Gather the cupcake ingredients - * Milk * Vegetable oil * Eggs * Vanilla extract * Sugar * Flour * Baking cocoa * Baking powder
In a large bowl, whisk together the milk, vegetable oil, eggs, and vanilla. Add the granulated sugar and whisk to combine.
Add the flour, cocoa, and baking powder. Mix just until combined.
- Divide the batter between the cupcakes tins, filling each one with about 1/4 cup of batter. – Bake the cupcakes for 18-20 minutes. – Remove the cupcakes to a wire rack and set them aside to cool.
Gather the jam ingredients - * Raspberries * Cornstarch * Sugar
- Add the raspberries, sugar, and cornstarch to a medium saucepan set over medium-high heat. - Bring the mixture to a boil and then reduce the heat to low and simmer until the jam has thickened.
– Place the jam in a fine mesh sieve set over a bowl. Push the jam through the sieve, making sure to remove all of the seeds. - Set the jam aside to cool.

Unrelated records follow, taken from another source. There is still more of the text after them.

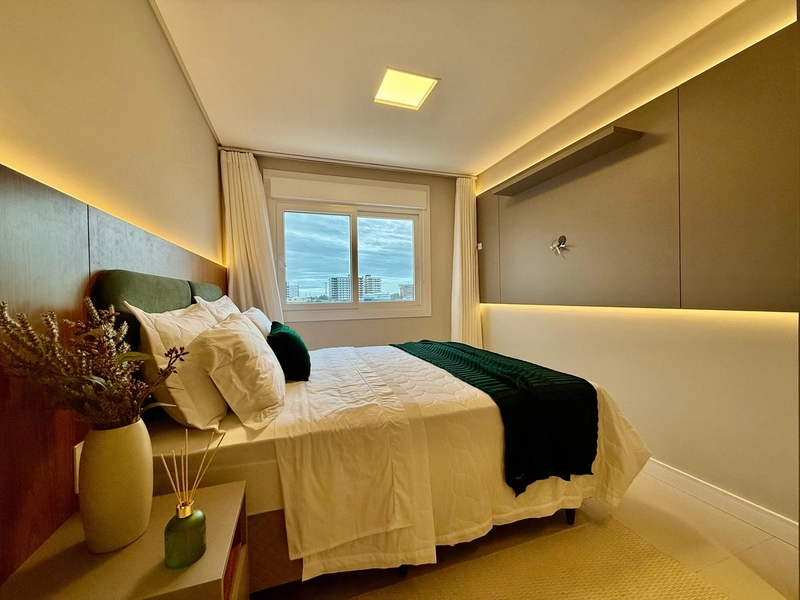 APARTAMENTO FINAMENTE MOBILIADO E DECORADO: 17ª foto da galeria de imagens do imóvel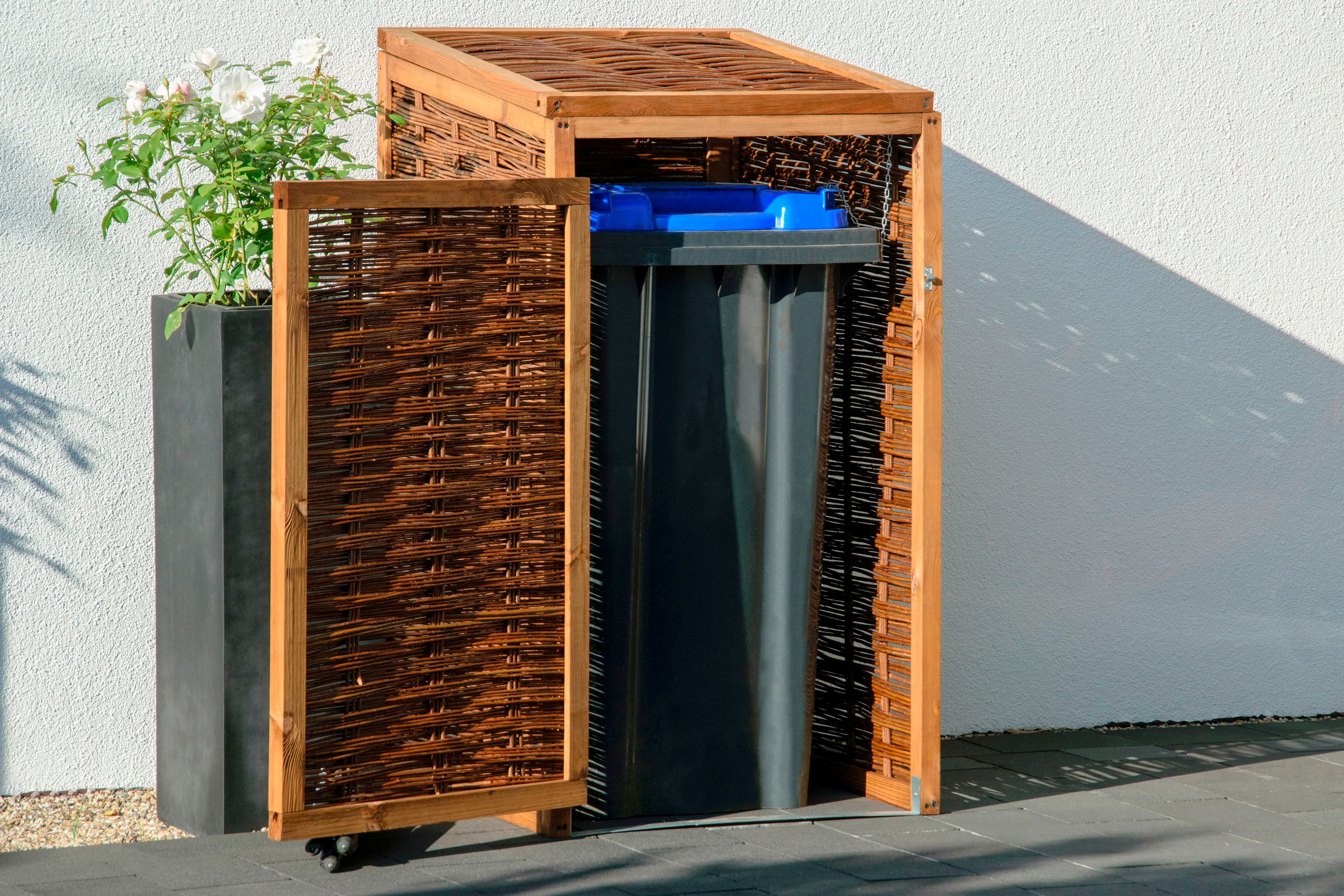 dobar Mülltonnenbox, 240l, BxTxH: 70x83x132 cm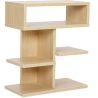 Estantería baja estilo escandinavo con 5 compartimentos - Madera image 7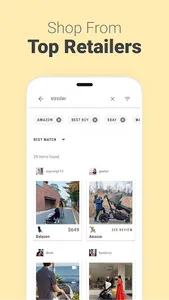 BUZZi - Shop from reviews you  screenshot 4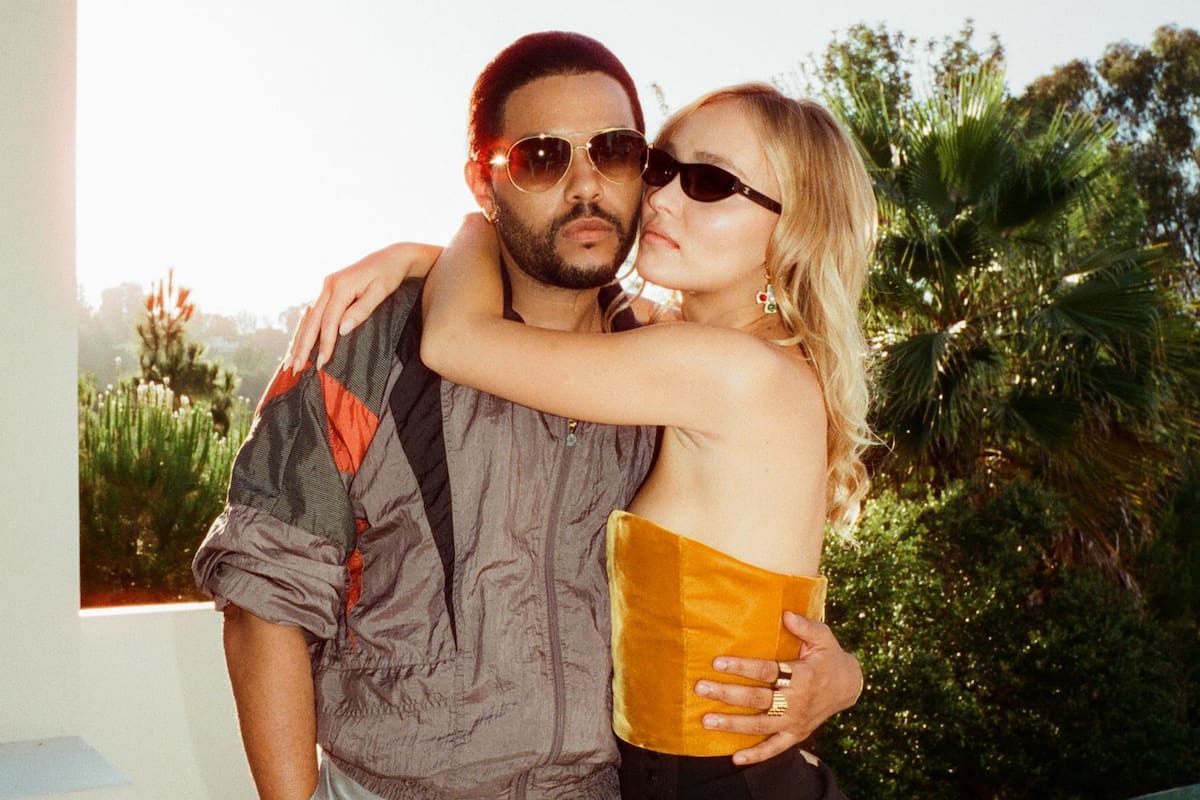 Abel Tesfaye y Lily-Rose Depp en la polémica The Idol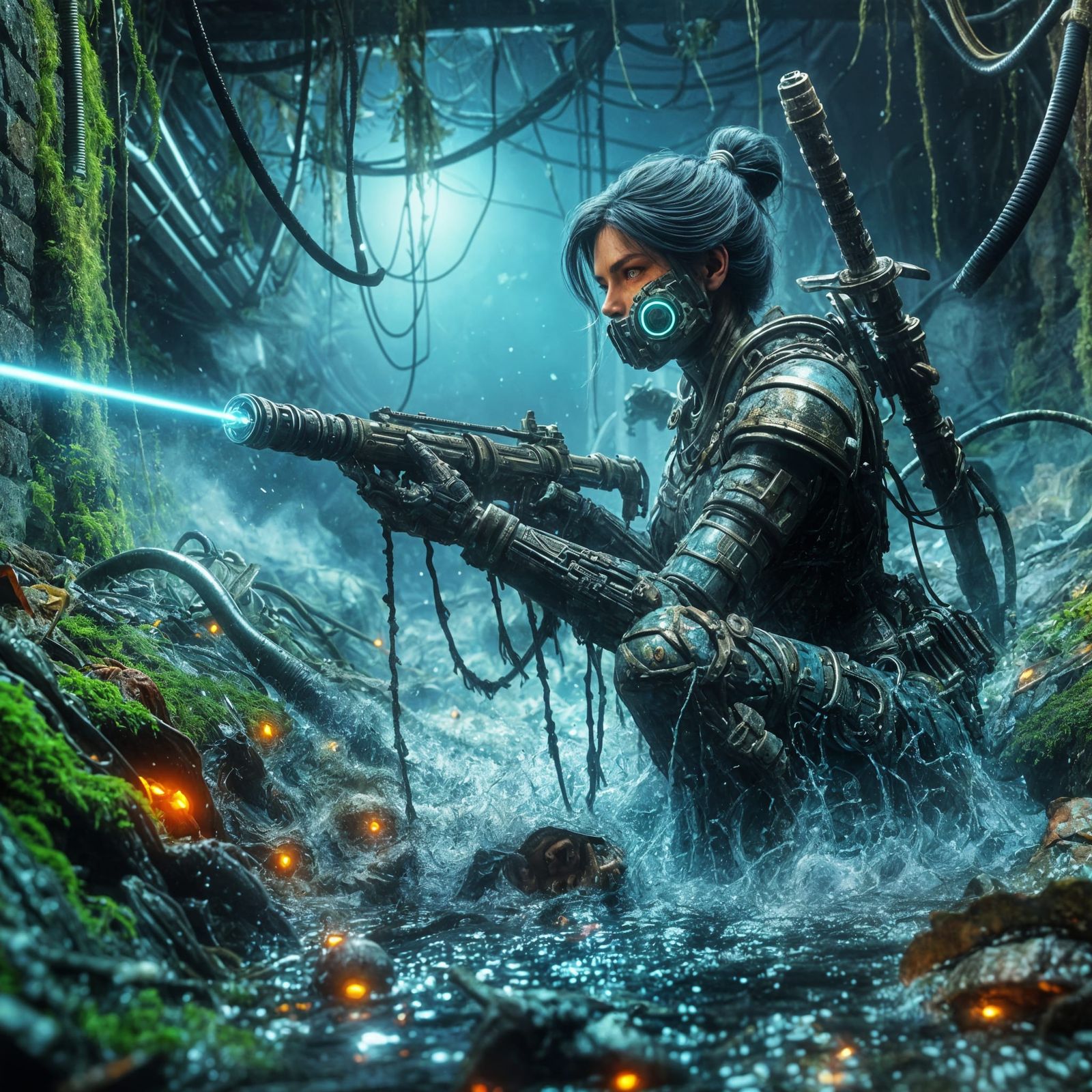 an android's dirty job 4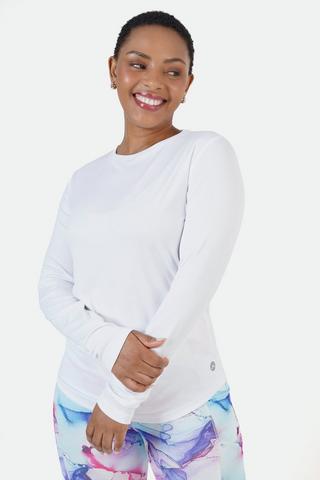 Long Sleeve Dri-sport T-shirt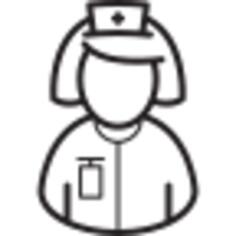 Nurse Bust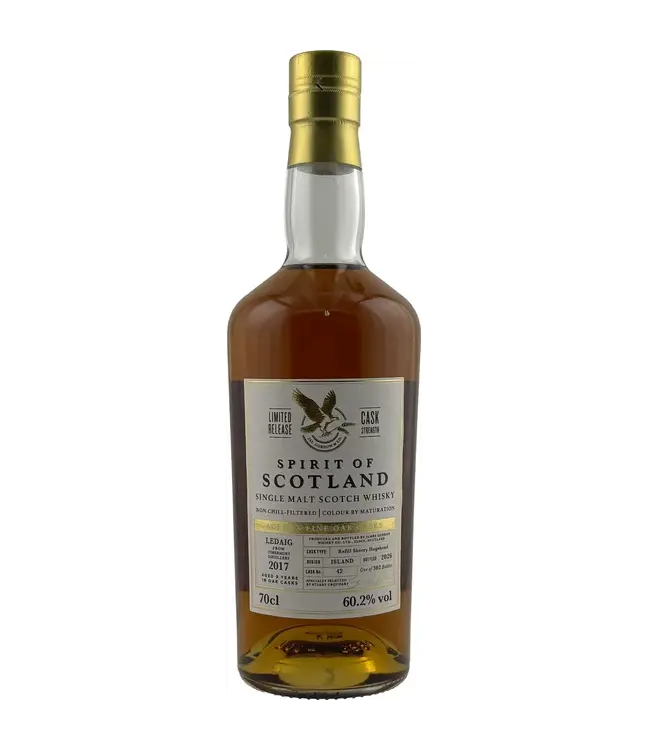 Ledaig 2017 #42 NL - Spirit of Scotland
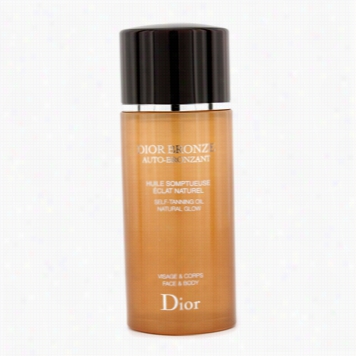 Dior Bronze  Self-tanning Oil Natjral Glow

Gather the frosting ingredients - * Raspberry jam * Powdered sugar * Butter * Vanilla extract
– When the jam has cooled, add it to the bowl of a stand mixer. Add the softened butter and beat on medium speed until combined. – Slowly add the powdered sugar and vanilla. – Turn the mixer to medium-high speed and beat until the buttercream becomes light and fluffy.
– Cut a small hole (about 3/4") out of the center of each cupcake and fill it with 1-2 teaspoons of raspberry jam. Place the piece of cut out cake back on top to cover the jam. – Pipe the raspberry buttercream on top and garnish with a fresh raspberry.
Enjoy immediately or store any leftovers in an airtight container in the fridge for up to three days. Bring to room temperature before enjoying.